Grit

Benjamin McCann
Bute Theatre, Royal Welsh College of Music and Drama

Grit

Every year, the Royal Welsh College of Music and Drama hosts a handful of shows at Venue 13, the space which they run on the Edinburgh Festival Fringe. This year, one of those will be Grit, a solo piece devised by and starring Benjamin McCann, a current student who impressed as part of the cast of Sarah Kane's Crave at The Other Room earlier this year.

The performance begins in darkness, with a disturbed protagonist apparently bemoaning the pressures inherent in everyday urban life. When the lights come up, however, we see that he is in clothing which suggests up-market rags, and that we are in some kind of post-apocalyptic scenario.

Our hero is Grit, who has survived what appears to be some kind of nuclear attack, unlike the rest of his family. We learn that he worked in a management role in a supermarket prior to the unpleasantness, a role which afforded him little respect previously, but which now gives him privileged access to much-needed resources. Or it would if other scavengers had not got there first.

Grit is not alone in this hostile new world. There are his friends Luke and Charlotte. Charlotte's wealthy father left them a boat before escaping, and it is possible that they might be able to leave ruined London for somewhere more amenable, up the Thames. Grit has a troubled and complicated history with Charlotte, however, and the tragic memories are palpable.

McCann's script might be described as an epic poem, containing some (presumably intentionally) clunky rhymes alongside the vividly nightmarish imagery. The strong narrative, emotionally resonant flashbacks and irreverent banter with his fellow survivors amongst the audience mean that Grit avoids becoming a self-indulgent wallow in misery.

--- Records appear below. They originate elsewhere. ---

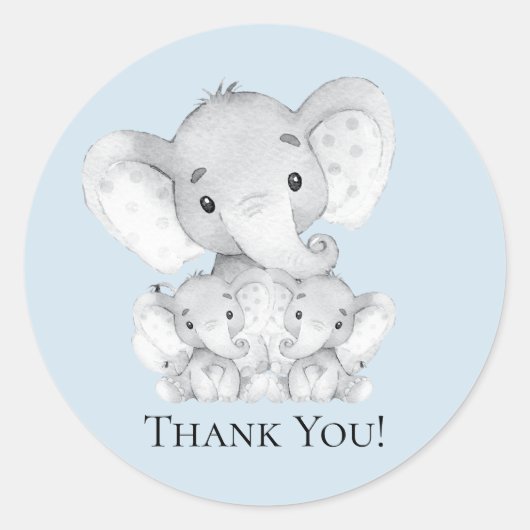 Elephant Twins Baby shower Dank u Favor Sticker (Voorkant)
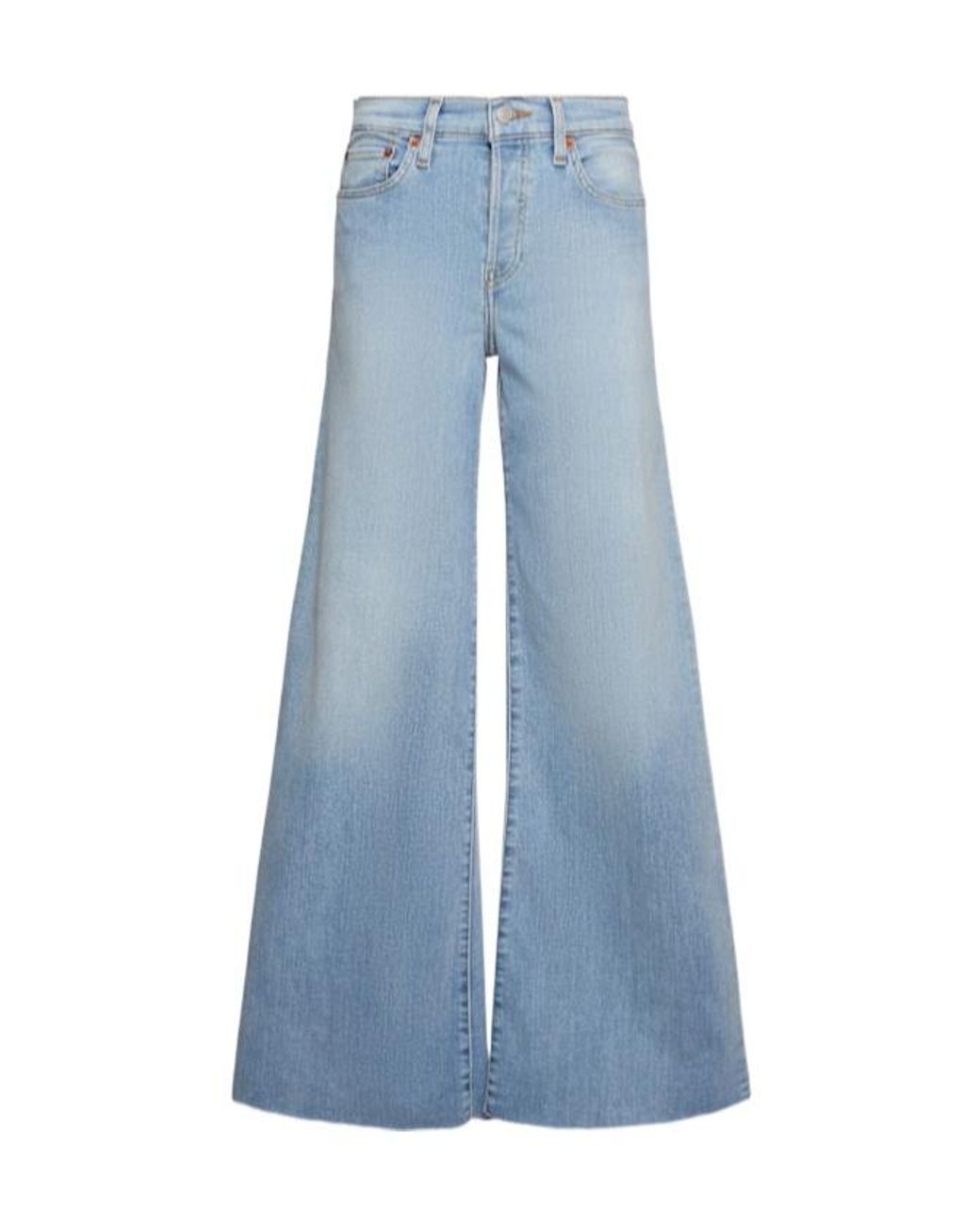 Re/done Blue Mid Rise Wide Leg Jeans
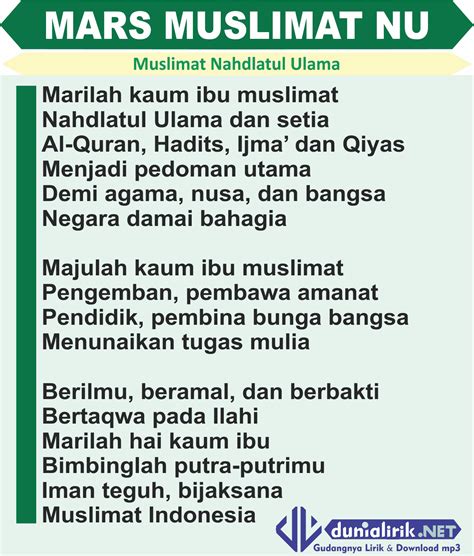 lirik lagu mars fatayat dan mars muslimat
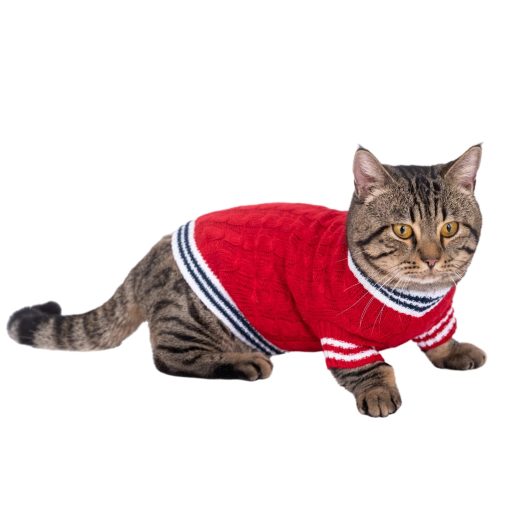 Sueter para Perros de Navidad Pequenos y Medianos Tejido Clasico para Perros Sueter Pullover (Rojo, Grande) - Imagen 4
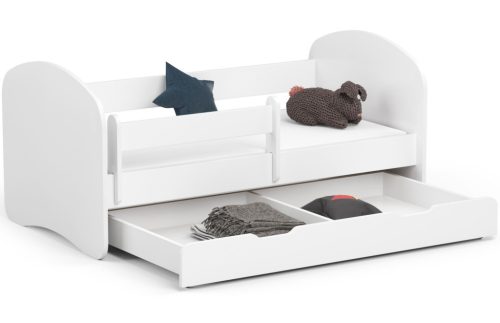 AKORD Smile 140x70 Gyermekágy Laminált Fehér Védőkorláttal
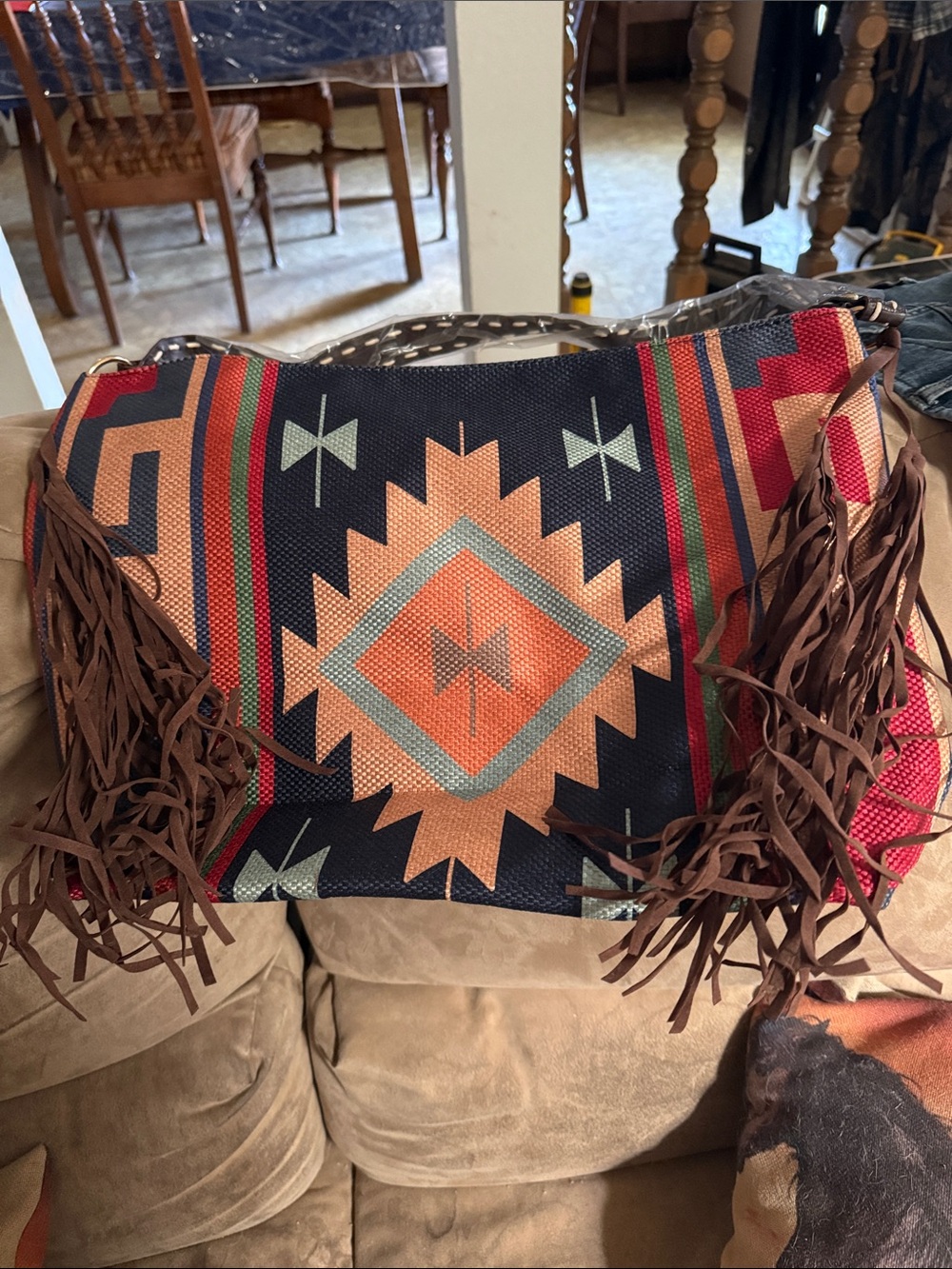 Boho Southwestern Fringe Shoulder Bag in Navy, Brown and Coral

Nor is McCann's a static performance; there is much movement, from psychotic jerkiness to hedonistic dancing, with a richly varied musical soundscape and harsh lighting effects evocative of aerial bombardment (at this preview performance, no notes were made available so I'm unable to credit anyone other than McCann).

Needless to say, Grit's journey to the promised land does not work out quite as planned, but he seems to find some comfort in transformation, imagined or otherwise. McCann is persuasive throughout as a young man who has been both traumatised and toughened by his experience of war but retains a crumb of hope.

Grit is a bleak vision, but not without humour. Some clever writing anchored by a strong central performance mean that it will be well worth catching during its brief Edinburgh run.